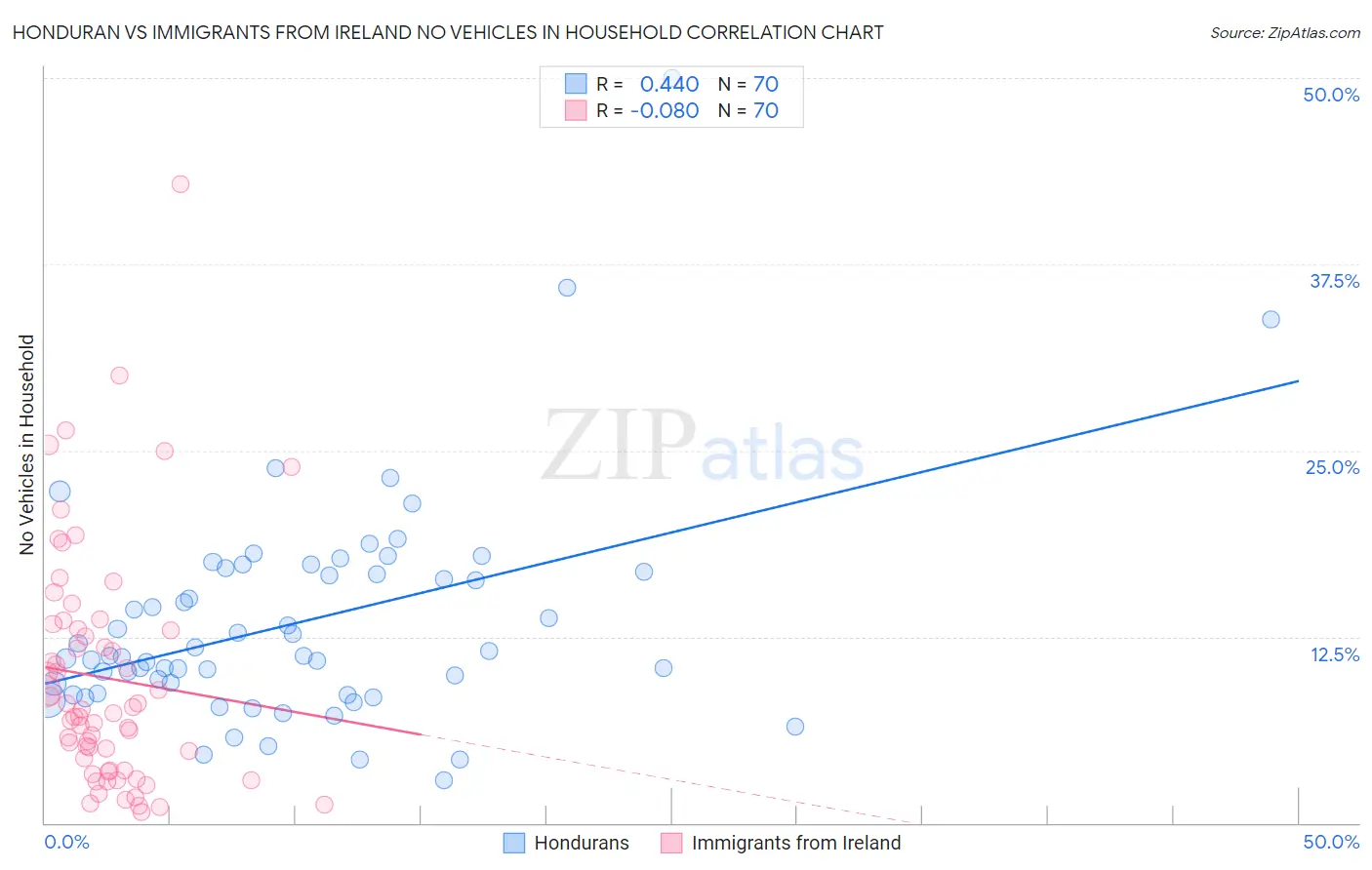 Honduran vs Immigrants from Ireland No Vehicles in Household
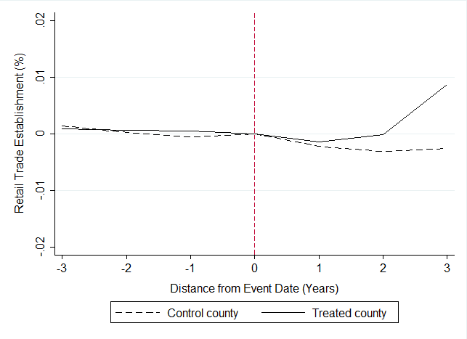 Figure 2: Trends in Payroll, Establishment, and Employment: Retail Trade 02 of 03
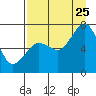 Tide chart for USCG Kodiak Dock, Alaska on 2023/08/25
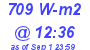 Milwaukee Weather Solar Radiation High Today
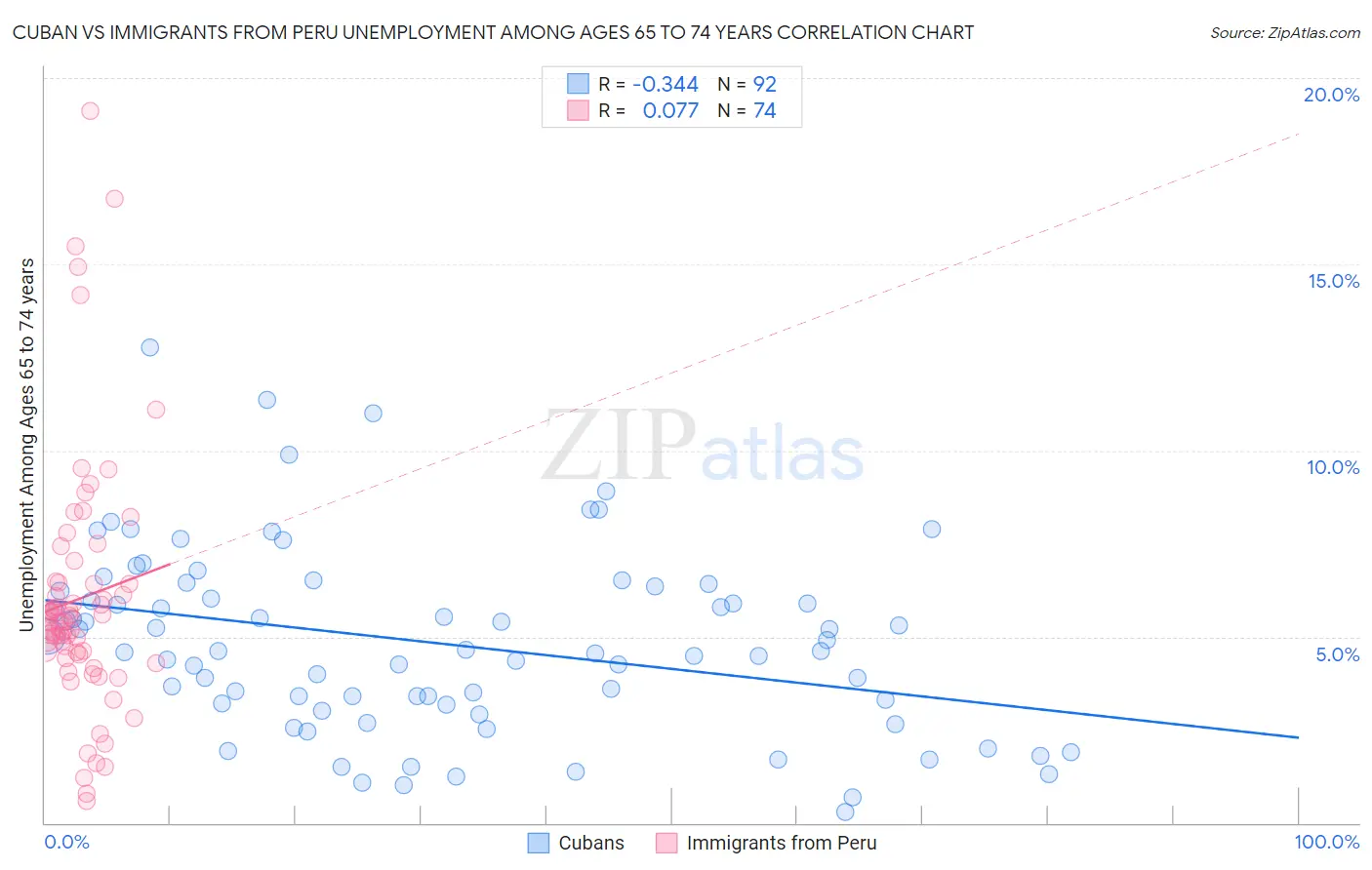Cuban vs Immigrants from Peru Unemployment Among Ages 65 to 74 years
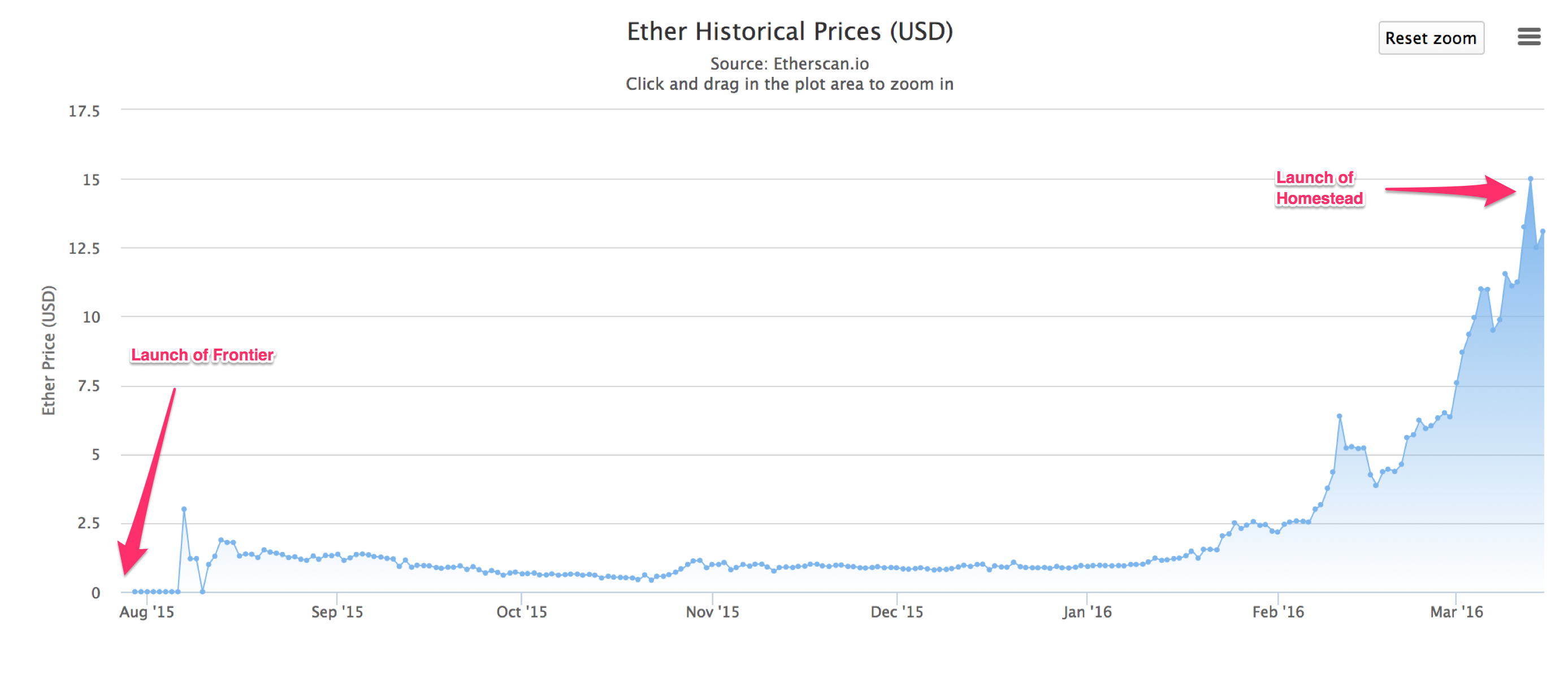 Eth Historical Price Chart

..........

* **ABOUT THIS EXERCISE**: Please reproduce the lines above from the one containing "Milwaukee Weather Solar Radiation High Today" through the final line, exactly and inclusively, leaving out each picture.

* **RESULT OF THIS EXERCISE**:
 Milwaukee Weather Solar Radiation High Today
Cuban vs Immigrants from Peru Unemployment Among Ages 65 to 74 years
 Eth Historical Price Chart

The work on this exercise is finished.